**GIVEN ENTRIES**
◇ ◇ ◇

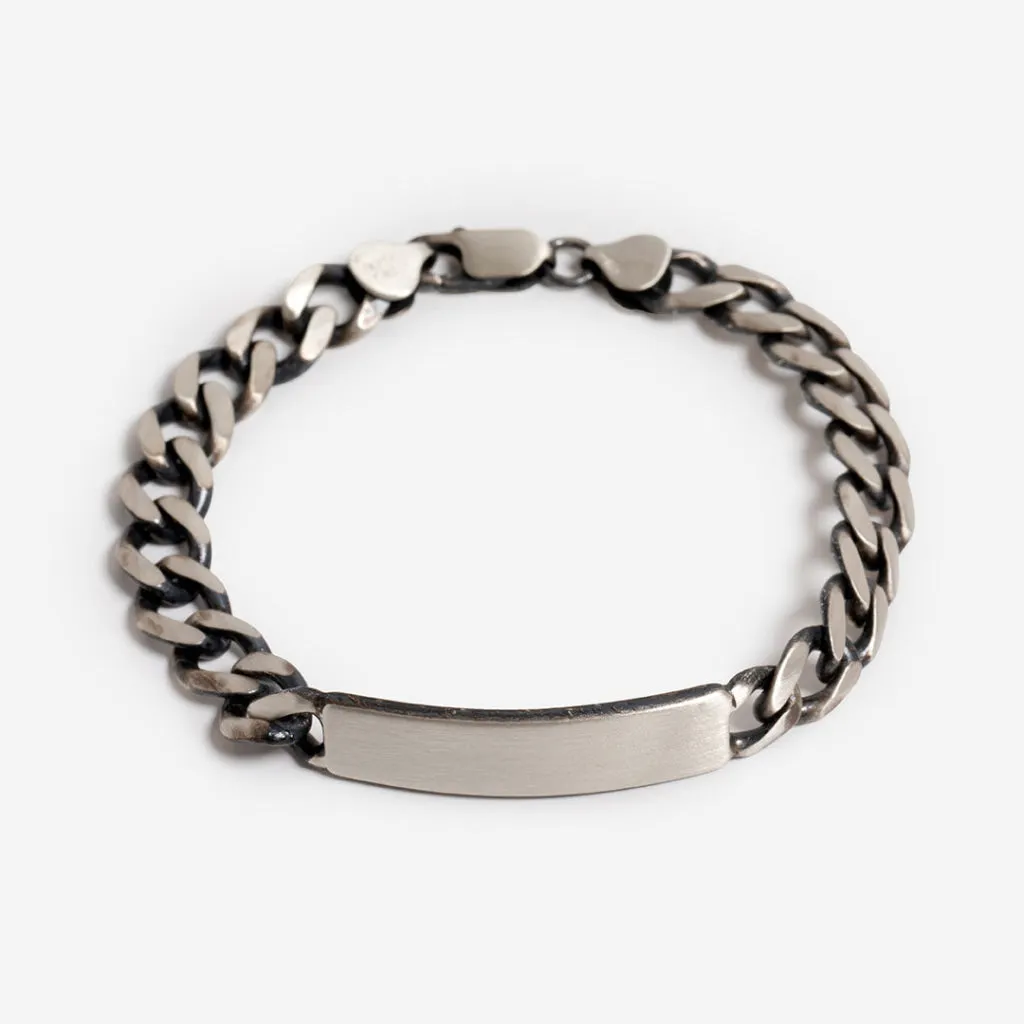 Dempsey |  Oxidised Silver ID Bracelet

◇ ◇ ◇

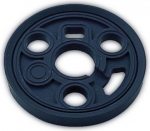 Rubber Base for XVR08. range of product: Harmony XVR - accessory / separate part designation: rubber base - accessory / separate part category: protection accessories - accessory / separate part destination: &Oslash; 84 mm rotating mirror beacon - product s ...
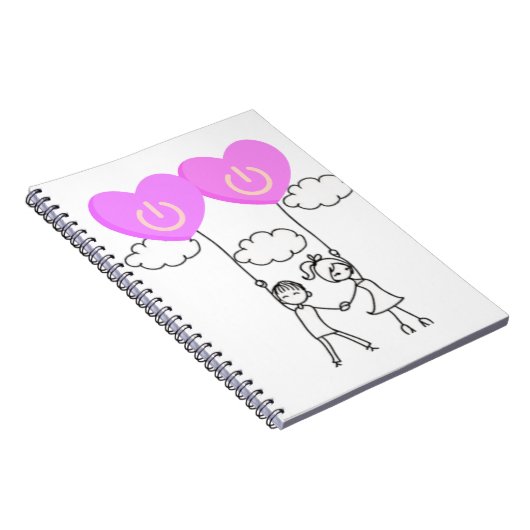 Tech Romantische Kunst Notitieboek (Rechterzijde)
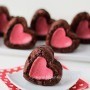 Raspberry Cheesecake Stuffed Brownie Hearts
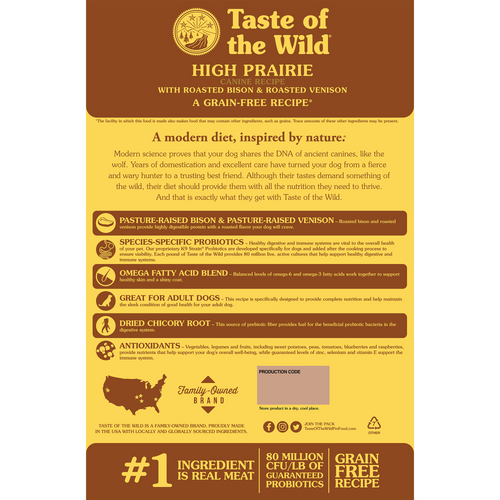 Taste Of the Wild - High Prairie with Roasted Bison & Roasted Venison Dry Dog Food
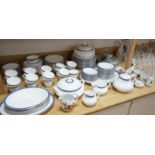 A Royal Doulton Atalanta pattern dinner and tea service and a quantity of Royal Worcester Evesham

◇ ◇ ◇

Write back word for word every line in the entries above from the one with "Tech Romantische Kunst" to the one with "A Royal Doulton", ends included, and none of the pictures.

 Tech Romantische Kunst Notitieboek (Rechterzijde)
 Raspberry Cheesecake Stuffed Brownie Hearts
 Taste Of the Wild - High Prairie with Roasted Bison & Roasted Venison Dry Dog Food
 A Royal Doulton Atalanta pattern dinner and tea service and a quantity of Royal Worcester Evesham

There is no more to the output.